The other day, I happened to drive by a Dick’s Sporting Goods store. I hadn’t been inside one in years, maybe even decades, yet I felt an uncontrollable urge to check it out. Dick’s used to be the place as a kid. There was no better feeling than shopping at Dick’s before a sports season, getting the latest bat, glove, cleats, clubs, racket, etc., and then using your new gear in the backyard or local field later that same day. The best Christmas stocking stuffers were often Dick’s gift cards. And you didn’t even need to buy anything when you went. You could just roam around, swing some bats, juggle a ball, and sink some putts on the practice green – that was an afternoon well spent.
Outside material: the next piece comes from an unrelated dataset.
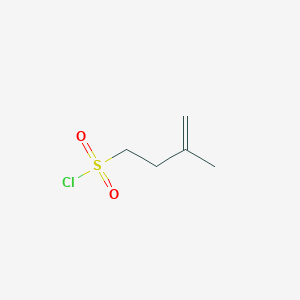 molecular formula C5H9ClO2S B13289265 3-Methylbut-3-ene-1-sulfonyl chloride 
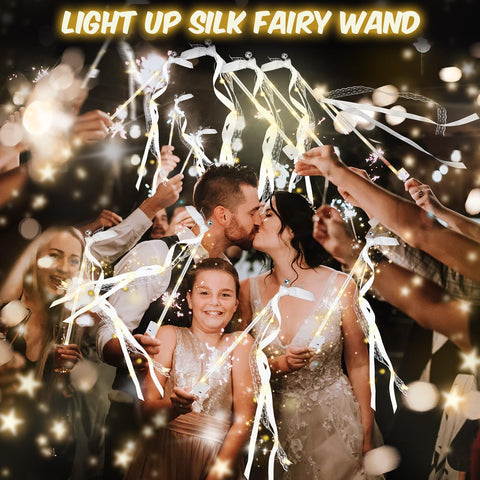 HONLYNE glow-in-the-dark fairy wands create magical ambiance at night events.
I knew I wouldn’t be disappointed if I stopped in as an adult, but I also didn’t quite anticipate how nostalgic and happy the store would make me feel. Most of these feelings were triggered, believe it or not, by its smells.
Dick’s smells really good. It doesn’t smell like your typical box store – a ghastly combo of yellow onion BO, lemony cleaning products, and bleach. As you walk through the automatic doors, you are blasted with aromatic pleasure. The oddly satisfying smell of rubber. The fresh, leathery smell of baseball mitts. The “new car smell” coming from new sports gears.
But the smells aren’t just pleasing. They have this incredible power that unlocks old memories. Have you ever smelt something – maybe pancake batter bubbling on a griddle, charred hamburgers on a grill, freshly cut grass, or, my personal favorite, petrichor, the smell emanating from the ground after rain – and, immediately, a memory flashes across the projector of your mind? A memory you forgot you even remembered?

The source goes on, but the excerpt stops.